As fresh_42 said. There is no general formula to find the roots of any polynomial of degree greater than 4. Furthermore, this fact has been proven .

There are formulas that rely on infinite fractions or similar things. There is no general formula that would produce an algebraic solution (using only roots and things like that).

 

[fresh_42]

yeah, i remember studying that ,plus other methods like runge kutta method ... Anyway, are you able to try solve my problem using the approximate method(s), you've just mentioned?

Sure, but why? Choose $x_0=1$ and create the sequence in the article for $f(x)=x^6+x-66$. What didn't you understand?

 

[chwala]

Sure, but why? Choose $x_0=1$ and create the sequence in the article for $f(x)=x^6+x-66$. What didn't you understand?

ok mate i hear you...The Newton- Raphson method cannot be used on this problem...
my perspective is let
$f(x)= x^6+x-66$
put say $x=o$
$f(0)=-66$
$f(1)=-64$
$f(-1)=-66$ and $f^{''}(x)=30x^4$ there is no convergence as the iterations are going to increase(diverge)... mythoughts

 

[mfb]

Did you actually calculate it or why did you dismiss it?

$f'(x)=6x^5+1$
f(0)=-66, f'(0)=1, so our next point is 66.
f(66)=82653950016, f'(66)=7513995457, the ratio is 11, so our next point is 66-11=55.
The following points are approximately 45.8, 38.2, 26.5, ... you get 2.0027 after 22 steps and 2.0000090 after 23 steps.

0 is very poor choice for the starting point but it still converges to one of the solutions.

 

[chwala]

Sure, but why?
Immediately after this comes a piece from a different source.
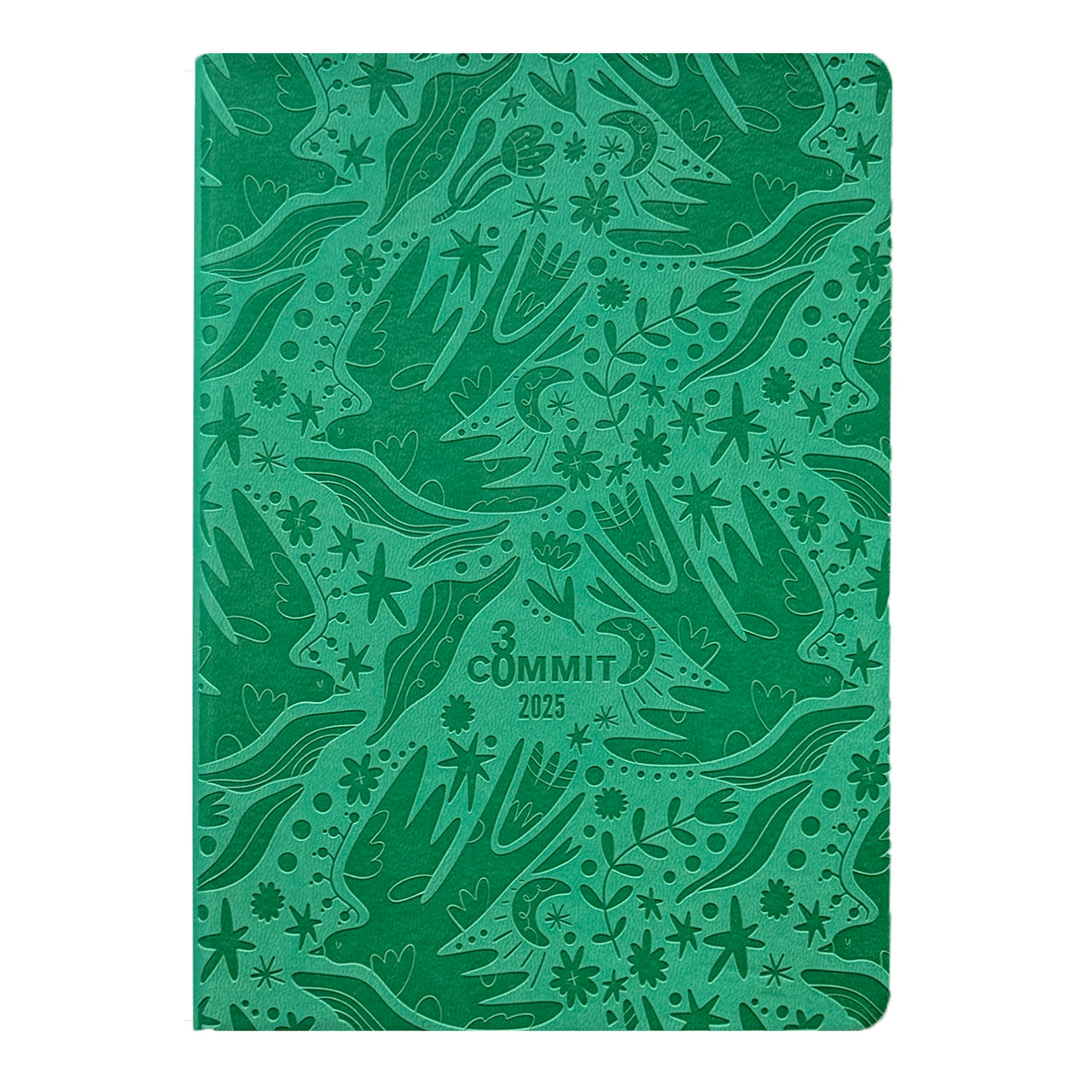 2025 Planner in green - Daily, weekly, monthly planners from Commit30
Choose $x_0=1$ and create the sequence in the article for $f(x)=x^6+x-66$. What didn't you understand?

Did you actually calculate it or why did you dismiss it?

$f'(x)=6x^5+1$
f(0)=-66, f'(0)=1, so our next point is 66.
f(66)=82653950016, f'(66)=7513995457, the ratio is 11, so our next point is 66-11=55.
The following points are approximately 45.8, 38.2, 26.5, ... you get 2.0027 after 22 steps and 2.0000090 after 23 steps.

0 is very poor choice for the starting point but it still converges to one of the solutions.

i will take time during the december holidays and refresh on this...they're not difficult. I just need to create time and do some reading. Bingo

 

[chwala]

You have $x^{1/2}+x^{1/3}=12$ which is not the same as $x^{1/6}=12x^{1/3}-1$.

Again, what do you get from $x^{1/2}+x^{1/3}=12$ if $u=x^{1/6}$?

just trying to go through my previous working...what of using the approach of,
$x^{1/2} + x^{1/3} = 12$
then,
$x^{1/6}+ 1 = 12x^{-1/3}$
on squaring both sides, we get;
$x^{1/3} + 2x^{1/6} + 1= \frac{144}{x^{2/3}}$
$x + 2x^{5/6} + x^{2/3}= 144$
$x^{6/6}+ 2x^{5/6} + x^{4/6}= 144$
letting $x^{1/6}=p$
it follows that,
$p^6+2p^5+p^4=144$
on solving numerically, we get
$p=2$ bingo...

 

[Mark44]

if $u = x^{1/6}$
then, we shall have, $u^3+u^2=12$
$u^2(u+1)=12$

The factorization on the left side doesn't do you any good. Factorization is useful if you have a product of factors on one side, and zero on the other.